There was no way I could go to Rome. I'm broke. I'm a terrible flyer. I don't know Italian.

"You should come," he said.

"This is the chance of a lifetime," my friends said.

"You'll hate yourself if you don't take him up on it," warned Mom & my sister Laurie. Of course they were right.

So I did.

And as soon as I'd purchased the tickets I began to panic in earnest. The panic bled into other areas of my life and once led me to pull off the highway in construction on a bridge at night. Somehow a feeling of eerie calm took me over a few weeks before the flight in which I thought "I'll worry about it when I'm on the plane." This worked until Laurie took me to the airport, where I became both dizzy and weepy, convinced that one of several options would occur:
  • I'd be unable to set foot on the plane at all and be forced to return home with my tail between my legs, my vacation paid for but unattended, or
  • I'd get on the flight and have a panic attack in the air which would cause me to have a stroke and die, or
  • I'd get on the flight and have a panic attack in the air which would cause me to freak out, be forced into restraints and eventually hauled off the plane by security, or
  • I'd make it through the commuter flight but be too frightened to get on the international flight, thus stranding myself in Philadelphia while my luggage traveled on to my destination without me
I began to take the Ativan in small quantities about an hour before getting on the plane, knowing I could use the calm. By the time we actually boarded I could feel it at work in my system, and while I knew intellectually that I was terrified, somehow my emotional center just didn't give a rat's ass. This is not to say I wasn't wildly nervous, and as I boarded I warned anyone who came within barking distance that I was a bad flyer, including the stewardess who looked at me blankly and then said in her cheeriest voice, "Have some bottled water!", and packed me off to my seat.

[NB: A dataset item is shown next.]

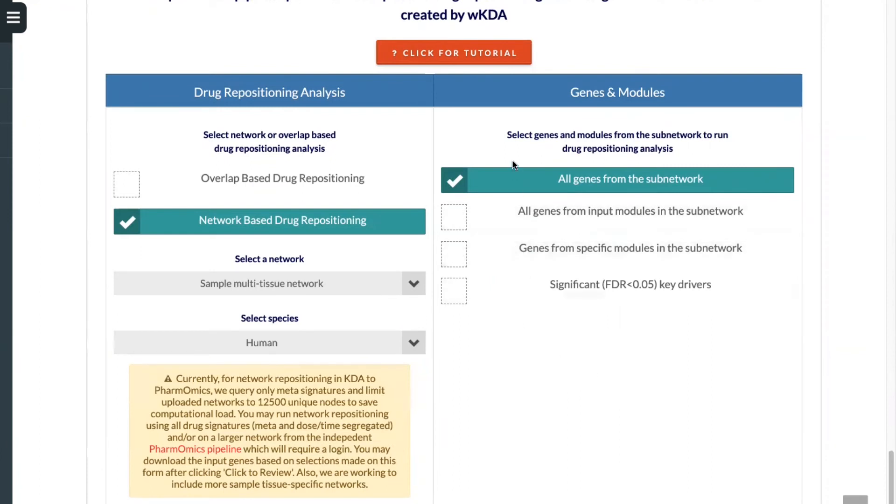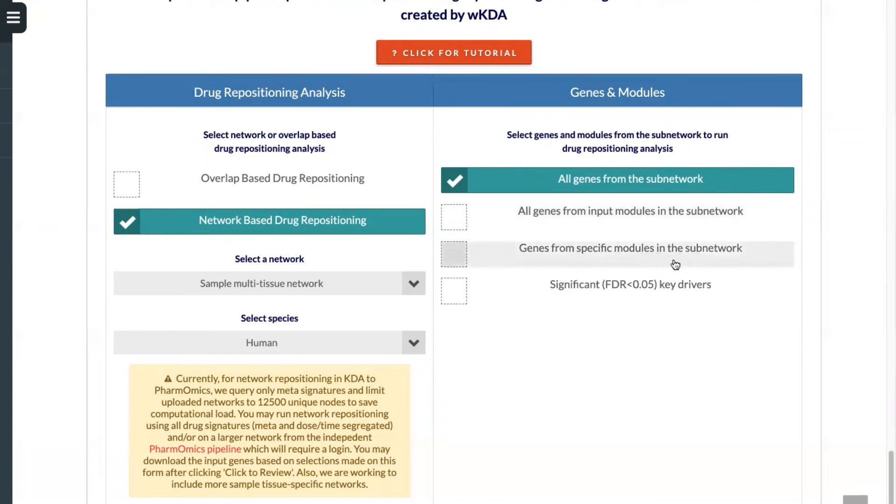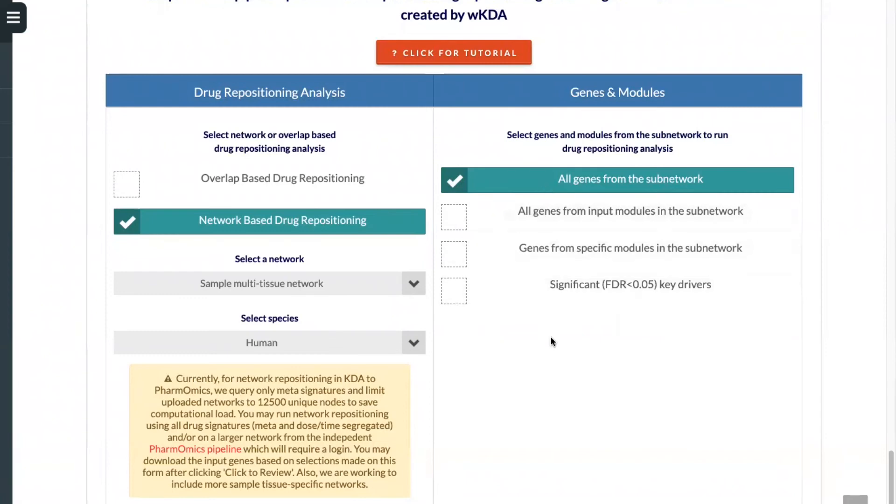Here, you can select specific genes and modules from the sub-network to run drug repositioning analysis. You can select all genes from the sub-network, all genes from input modules in the sub-network, genes from specific modules in the sub-network, and significant key drivers that pass an FDR of less than 0.05. Here, we'll use all genes from the sub-network.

My seat mate was a young man who looked to be about 12 years old and who was none too happy to make the acquaintance of the deranged person blocking his access to the aisle. I came to find out that he was headed for his second tour of duty in Iraq and that he was in the military police. Fortunately for him the flight was a short one, although he was treated to a view of me clawing the air wildly upon takeoff and a babbling monologue once we reached elevation and I had sufficient breath in my lungs to talk.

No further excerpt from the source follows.